Sunday, September 16, 2012

Leaf Thirty-five: My Church

“We are not human beings in search of spirituality. We are spiritual beings immersed in human experience” –Pierre Teilhard de Chardin

 

Throughout this process of wholehearted growth, I have discovered a yearning within myself for spiritual connection—a connection to the world around me and a belief that there is a higher power amidst this wondrous universe. Last Sunday I took time to enjoy a beach run along the coast, watching the sunset, and enjoying the sensations of the water and sand. As I thought about what I was grateful for my mind wandered to a variety of things, one being church and religion. Since deciding to not be Mormon a couple years ago, organized religion is not something I have wanted to pursue again, yet I know how important it is for my soul to pray and to connect to something greater than myself. I thought about where I felt peace, freedom, and connection and I continusously came to the outdoors.
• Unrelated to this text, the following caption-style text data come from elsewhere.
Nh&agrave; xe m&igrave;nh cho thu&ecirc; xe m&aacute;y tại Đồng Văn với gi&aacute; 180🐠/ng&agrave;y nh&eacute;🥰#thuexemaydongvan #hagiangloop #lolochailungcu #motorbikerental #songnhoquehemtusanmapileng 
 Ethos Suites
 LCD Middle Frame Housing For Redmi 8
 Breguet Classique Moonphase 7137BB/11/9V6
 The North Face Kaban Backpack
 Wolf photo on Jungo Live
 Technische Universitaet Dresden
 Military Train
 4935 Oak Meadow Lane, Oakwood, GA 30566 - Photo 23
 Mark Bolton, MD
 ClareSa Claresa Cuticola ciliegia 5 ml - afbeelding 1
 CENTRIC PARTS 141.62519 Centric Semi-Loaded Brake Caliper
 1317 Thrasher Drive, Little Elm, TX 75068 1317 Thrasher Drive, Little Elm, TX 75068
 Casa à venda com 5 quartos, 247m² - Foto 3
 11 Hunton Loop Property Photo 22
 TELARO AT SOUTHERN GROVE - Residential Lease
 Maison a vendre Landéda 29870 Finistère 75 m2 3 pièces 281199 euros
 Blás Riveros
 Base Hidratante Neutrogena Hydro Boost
Whether I’m in my mountains or running in the sand, when I am embracing nature, my body calms. With that thought, I decided to throw out the possibility of having Sunday beach runs be my “church”, a ritual that I could engage in weekly to pray, to reflect, and to express my gratitude.

 

A couple things took place over the past week after I contemplated making the beach my church. As I walked back to my car after the run, there was a flyer on my window advertising an organized church in the area. I laughed at the timing of it all. The next day, I decided to do another evening beach run to further explore my thoughts and feelings about creating a new ritual for myself. It was during that run that I realized the power of a sunset. As I ran along the coast, watching the sunset, I stopped to truly enjoy and take in the image. When I looked around, I was incredibly moved by everyone else around me. Although I knew no one on the beach that day, we were are intricately connected to this glorious sunset. Everyone had stopped whatever they were doing to embrace the moment that was happening. I felt the spiritual power of nature and any doubts I had about creating my own church ritual went away. In that moment, I decided on my new leaf of the week.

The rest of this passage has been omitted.